All mammals have the common
ability to produce glucuronides,
5.
The free carboxyl function of
glucuronic acid has a pKa in the range 3.5 to 4.0 and hence
ionisable at both plasma and urine pH thereby greatly increasing the water
solubility of the conjugated substrate.
6.
The glucuronidation enzymes are
in close association with the microsomal mixed function oxidases, the major
phase I drug metabolising enzyme system; thus, a rapid conjugation of phase I
metabolites is possible.
7.
Lastly, glucuronidation can take
place in most body tissues since the glucuronic acid donor, UDPGA is produced
in processes related to glycogen synthesis and thus, will never be deficient
unlike those involved in other phase II reactions.
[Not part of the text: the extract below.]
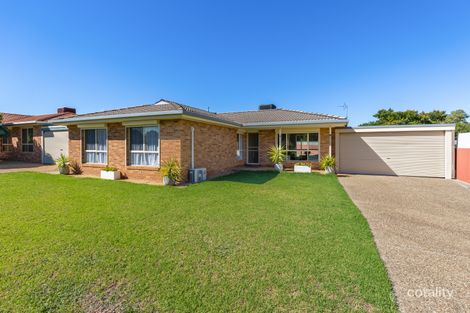 Property photo of 16 Eaton Street Ashmont NSW 2650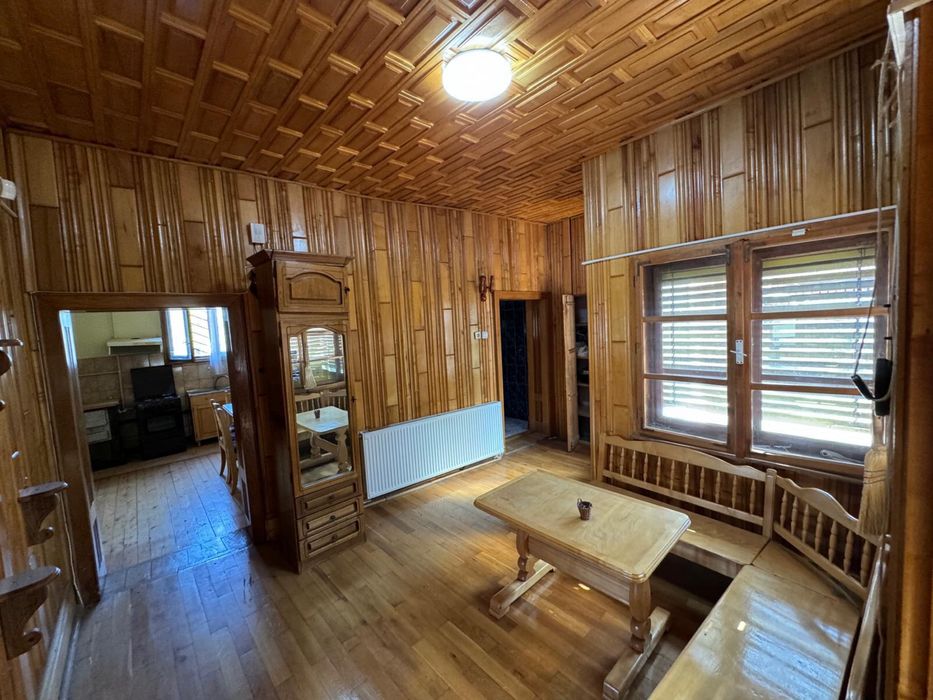 Vand Casa,cu toate utilitatile si dependintele necesare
Glucuronide formation occurs in 2 steps –
1. Synthesis of an activated coenzyme
uridine-5'-diphospho-α -D-glucuronic acid (UDPGA) from UDP-glucose (UDPG). The
coenzyme UDPGA acts as the donor of glucuronic acid. UDPG is synthesized by
interaction of α-D-glucose-1-phosphate with uridine triphosphate (UTP).
2. Transfer
of the glucuronyl moiety from UDPGA to the substrate RXH in presence of enzyme UDP-glucuronyl
transferase to form the conjugate. In this step, the - configuration of
glucuronic acid undergoes inversion
and thus, the resulting product is – β-D-glucuronide (also called as glucosiduronic acid or glucopyranosiduronic acid conjugate).
The steps involved in glucuronide synthesis are
depicted below:
where X = O, COO, NH or S.
An example of glucuronidation of benzoic acid is
shown below.
A large number of functional groups are capable of
forming oxygen, nitrogen and sulphur glucuronides. Carbon glucuronides have
also been detected in a few cases.
Xenobiotics with hydroxyl and/or carboxyl functions
form O-glucuronides.
1. Hydroxyl Compounds: These
form ether glucuronides. Several examples of such compounds are given below.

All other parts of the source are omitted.